*Work instructions*. Would you restate, word for word, only the lines starting at the one with "Grand Sniper: 3D Shooting Game screenshot" and ending with the final line of the entries below? Pictures stay out.
......
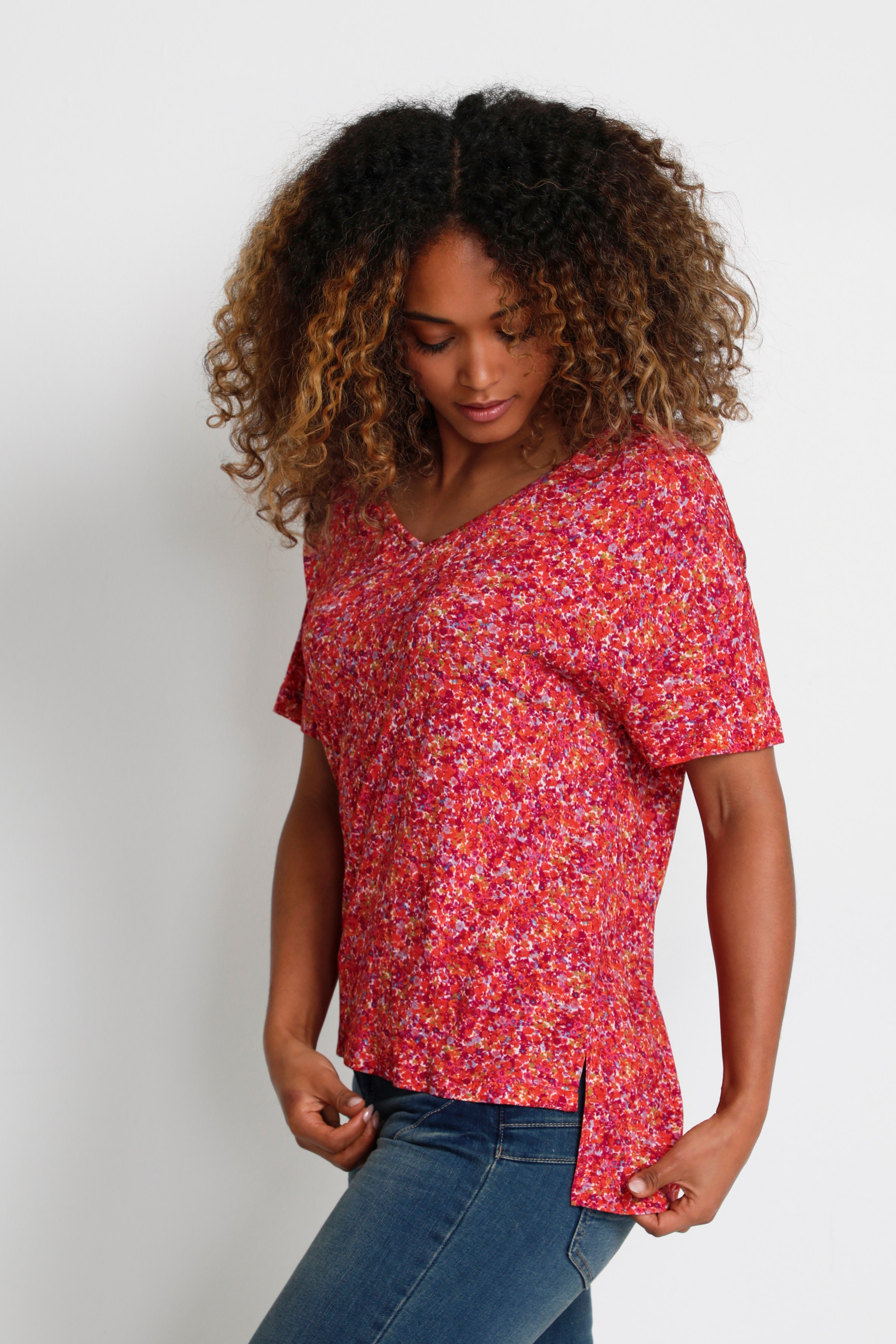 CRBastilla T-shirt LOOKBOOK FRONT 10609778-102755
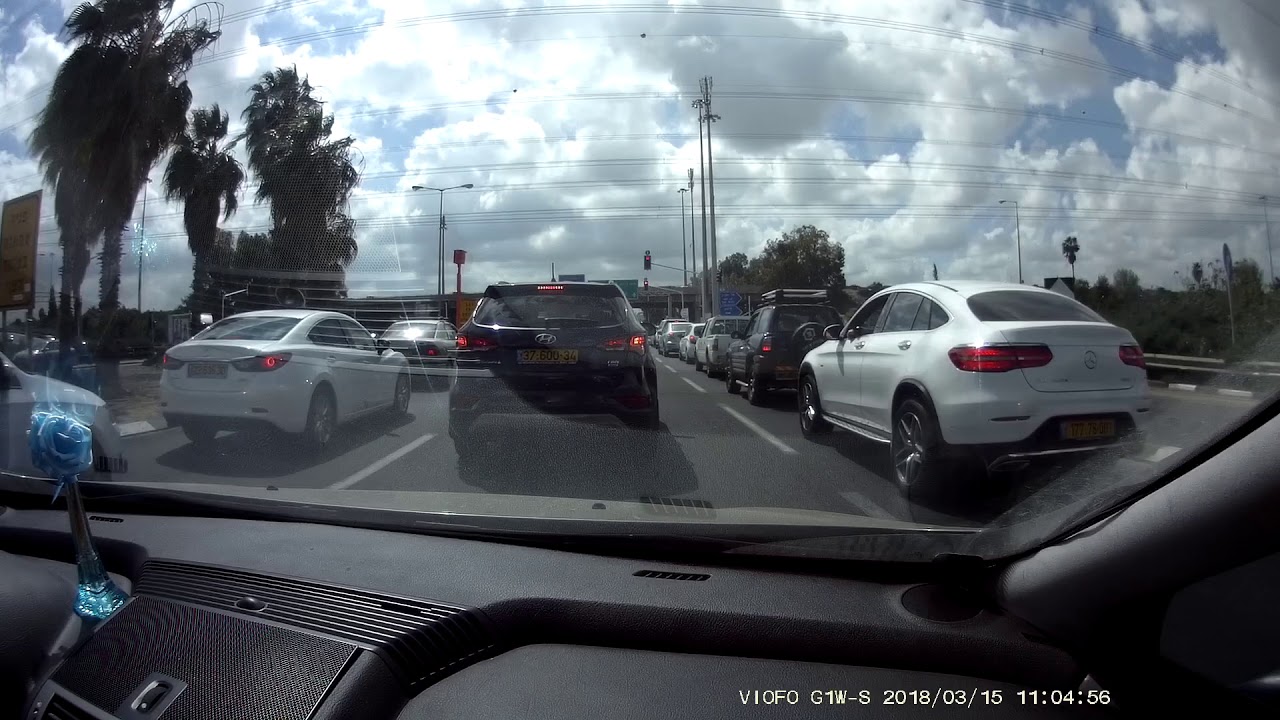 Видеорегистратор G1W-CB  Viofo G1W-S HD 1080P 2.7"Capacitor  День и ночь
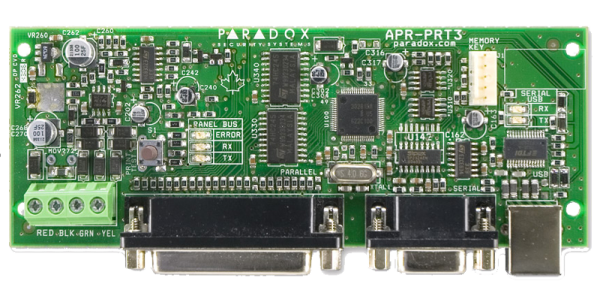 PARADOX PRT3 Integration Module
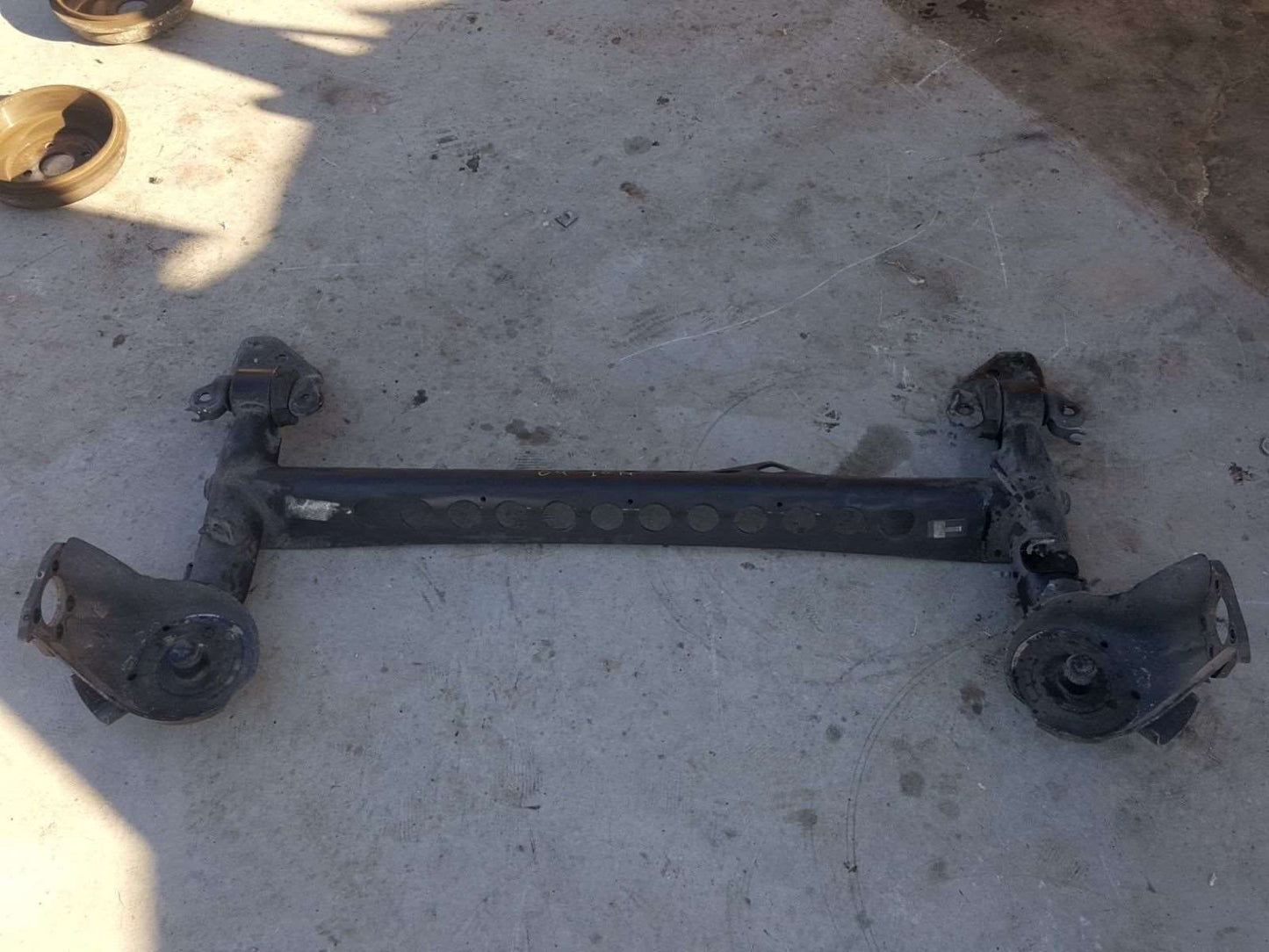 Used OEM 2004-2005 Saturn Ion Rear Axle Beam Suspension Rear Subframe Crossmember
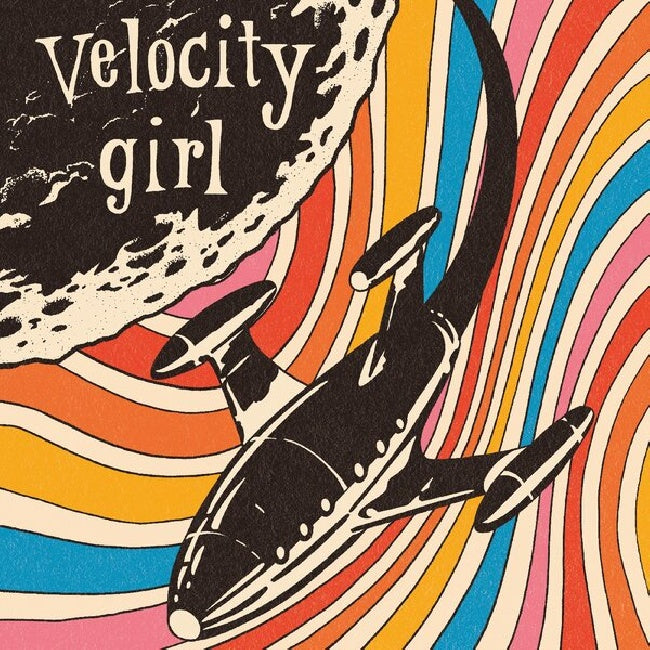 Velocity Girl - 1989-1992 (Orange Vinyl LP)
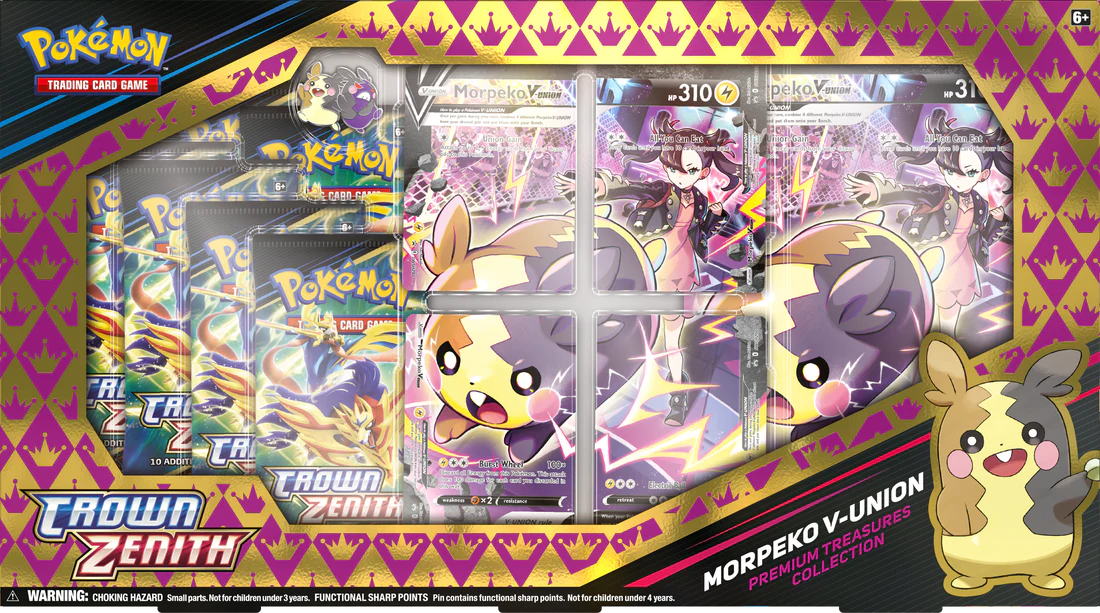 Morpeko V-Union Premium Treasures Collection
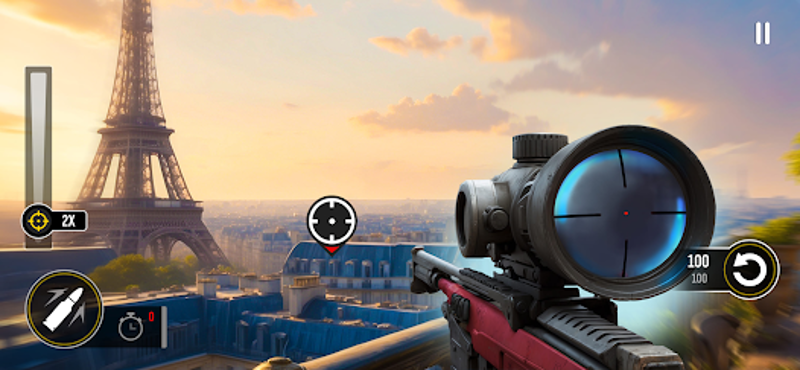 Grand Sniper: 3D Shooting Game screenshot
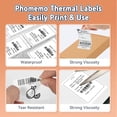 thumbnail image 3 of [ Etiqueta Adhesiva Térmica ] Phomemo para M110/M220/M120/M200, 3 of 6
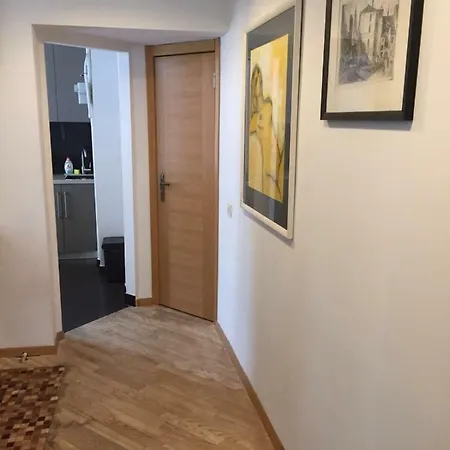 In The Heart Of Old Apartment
......
*Answer area*.
 Grand Sniper: 3D Shooting Game screenshot
 thumbnail image 3 of [ Etiqueta Adhesiva Térmica ] Phomemo para M110/M220/M120/M200, 3 of 6
 In The Heart Of Old Apartment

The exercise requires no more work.